With her new restaurant, Roots, which opened a few weeks ago. Tran has created a triumphant menu of festive, brightly colored, cunningly flavored food. It also happens to be vegetarian. I am told that Tran’s nephew, Michael Ton (Basa, Doc Crow’s) was a creative consultant on some of the dishes, and it’s clear that their creative partnership has culminated in a feast of small plates with lots of Asian twists and a few dashes of Mediterranean influence tossed in for good measure.

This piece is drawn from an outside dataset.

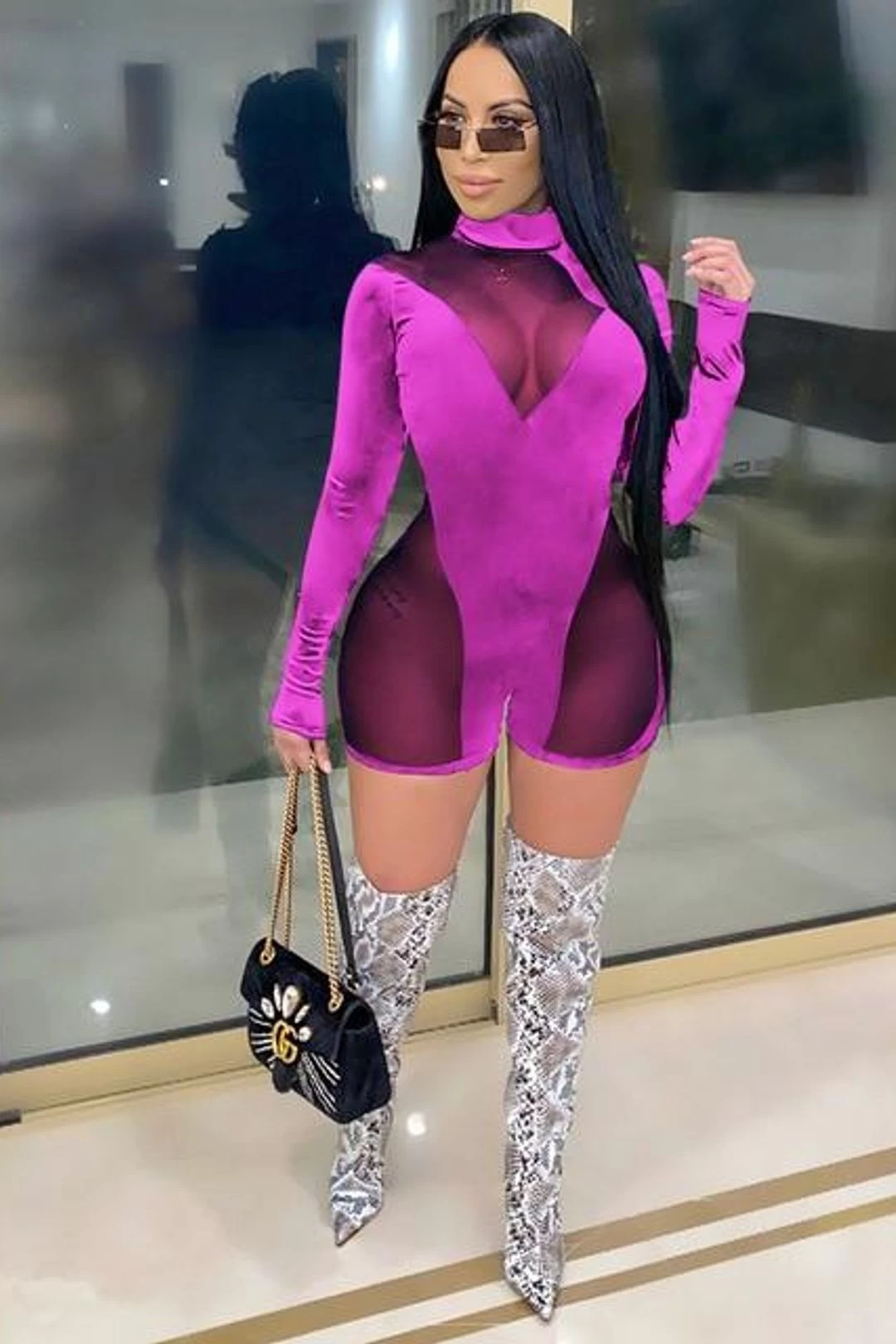 Women Sexy Sheer Mesh Patchwork Jumpsuit 8 Women Sexy Sheer Mesh Patchwork Jumpsuit - Image 6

Roots (its sister restaurant, Heart & Soy, sits adjacent, but has a different mission that I’ll discuss in a future column) is bright and casual. Vivid photos of garden produce hang from taupe walls. Servers approach patrons with plenty of knowledge and a confident sense of mission.
And given the food they’re serving, they have every right to feel confident. Neatly stacked shavings of ginger-poached pear are sprinkled with bits of feta and mint, then touched every so lightly with a citrus vinaigrette to make a salad so simple in appearance that its delightful clash of textures confounds the palate ($6).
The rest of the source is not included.